The script is written in the Python language and it has been tested with Python version 2.7. The script produces code that supports the the CUDA programming model version 2.0 or later.
Each CPU process that offloads to GPU requires a chunk of the GPU VRAM memory, whose size is dependent on the number of species and reaction constants in the MECCA mechanism. The number of GPUs per node and VRAM memory available in each GPU dictates the total number of CPU cores that can run simultaneously.

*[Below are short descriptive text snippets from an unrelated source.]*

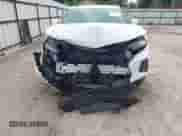 2020 Chevrolet Blazer RS z VIN 3GNKBERS8LS591025, wystawiony jako IAAI lot #43026312 z przebiegiem 58 380 mil mil oraz . Historia ofert i sprzedaży dostępna na DreamBid. Obrazek 6.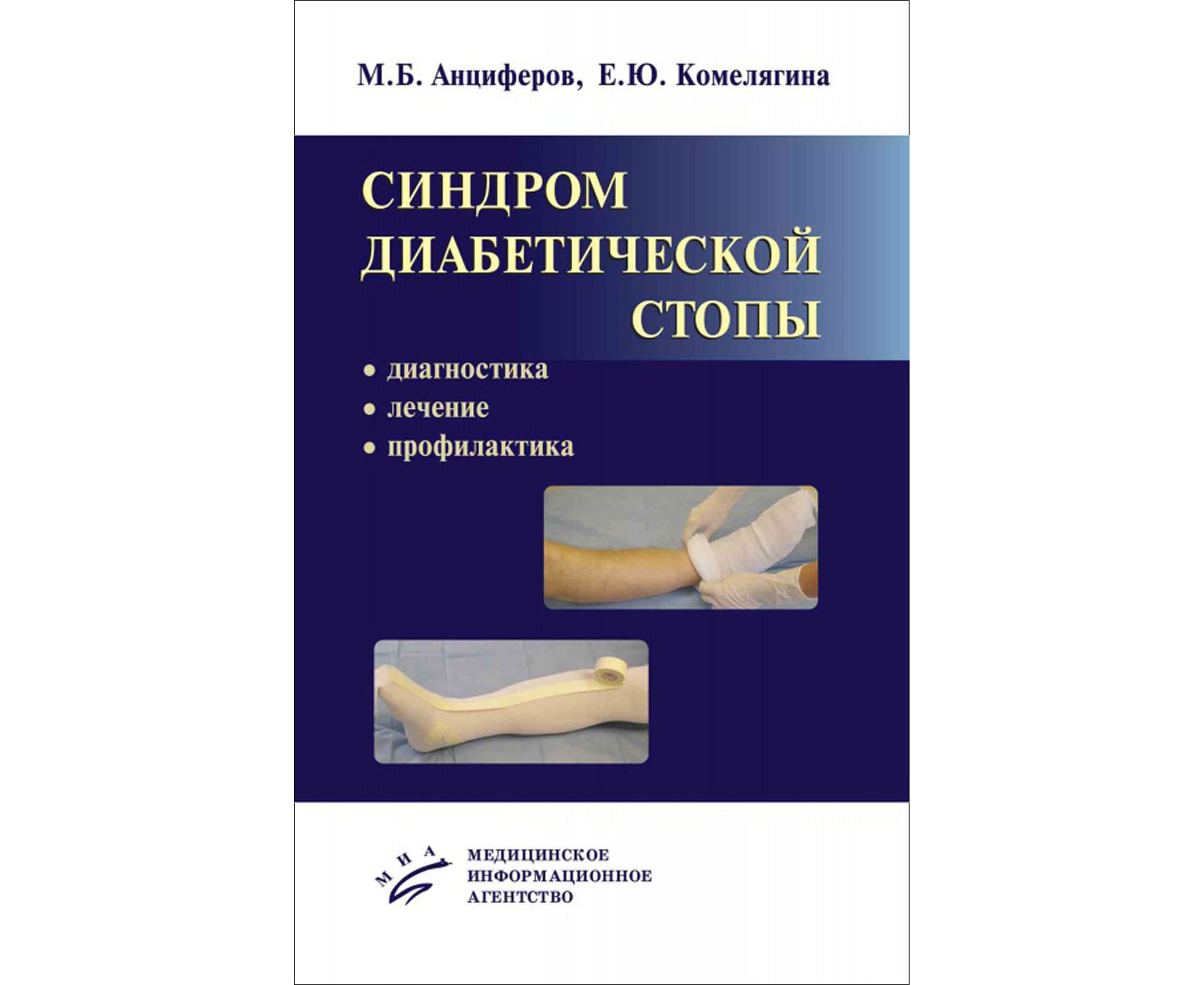 Книга Синдром диабетической стопы: диагностика, лечение и профилактика / Анциферов М.Б....
Книга Синдром диабетической стопы: диагностика, лечение и профилактика / Анциферов М.Б....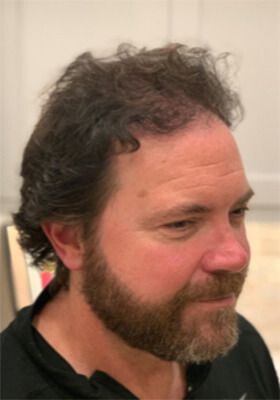 hair transplant before after Photos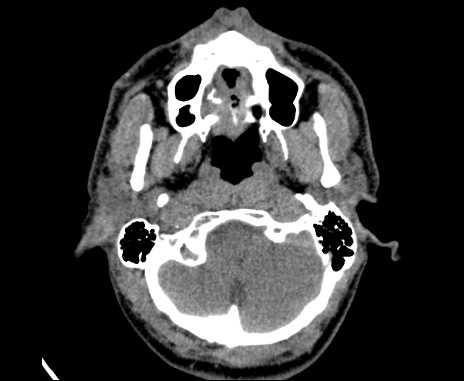 Bilateral carotid body tumors (Radiopaedia 61841-69870 Axial non-contrast 12).jpg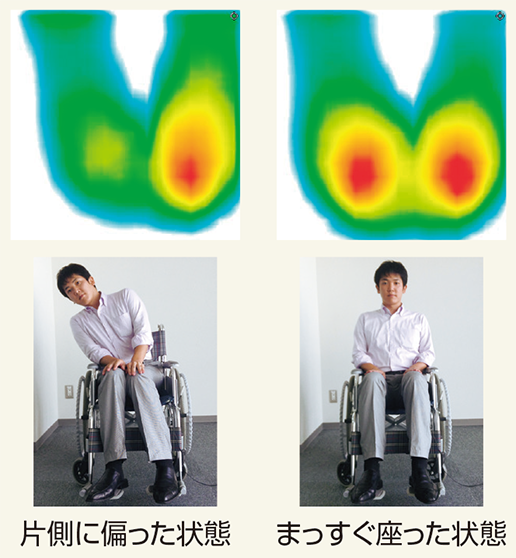 体圧分布図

We strongly recommend that at least 2.5 GB of VRAM per CPU process should be available on each GPU. Note that if not enough memory is available, the CUDA runtime will silently fail – without any warning.
The script requires Python version 2.6 or 2.7. The source code produced requires the CUDA SDK 6.5 or newer.
Name: MECCA – KPP Fortran to CUDA source-to-source pre-processor.
Persistent identifier: DOI: 10.5281/zenodo.546811
Licence: MIT License.
Publisher: The Cyprus Institute.
Version published: 1.1.
Date published: 18/04/17.
Licence: MIT License.
Date published: 12/12/16.
The source-to-source parser core can be used by other researchers to transform FORTRAN 90 code to CUDA accelerated code. The methodology can be used as template to create high performance computing capabilities on GPUs for scientific code that is currently written in FORTRAN 90.
The CUDA compatible ODE solvers comprises the Runge Kutta methods and the linearly-implicit Rosenbrock family of solvers, and may be used for chemical kinetics and numerical integration outside the field. The software is supported by the developers. Any inquiries should be addressed by e-mail.
The authors would like to thank Patrick Jöckel for his support during the packaging and integration of the source-to-source parser and Klaus Klingmueller for the graphics in Figure 1.
The authors have no competing interests to declare.